━━━━━ PROVIDED ENTRIES ━━━━━
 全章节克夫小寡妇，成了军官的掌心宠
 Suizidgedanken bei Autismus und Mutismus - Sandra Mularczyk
━━━━━
━━━━━ PROVIDED ENTRIES ━━━━━
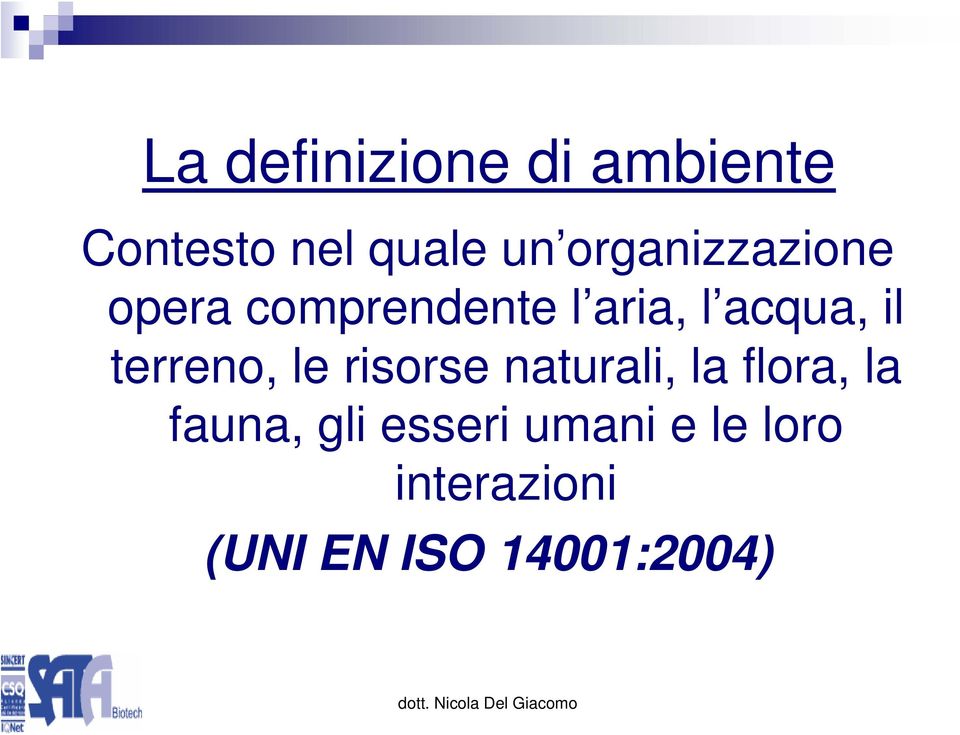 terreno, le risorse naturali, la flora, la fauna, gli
━━━━━
ASSIGNMENT: Reproduce the entries above exactly, but only the lines between the line holding "全章节克夫小寡妇，成了军官的掌心宠" and the line holding "Suizidgedanken bei Autismus", inclusive.

ANSWER TO THE PROBLEM:
 全章节克夫小寡妇，成了军官的掌心宠
 Suizidgedanken bei Autismus und Mutismus - Sandra Mularczyk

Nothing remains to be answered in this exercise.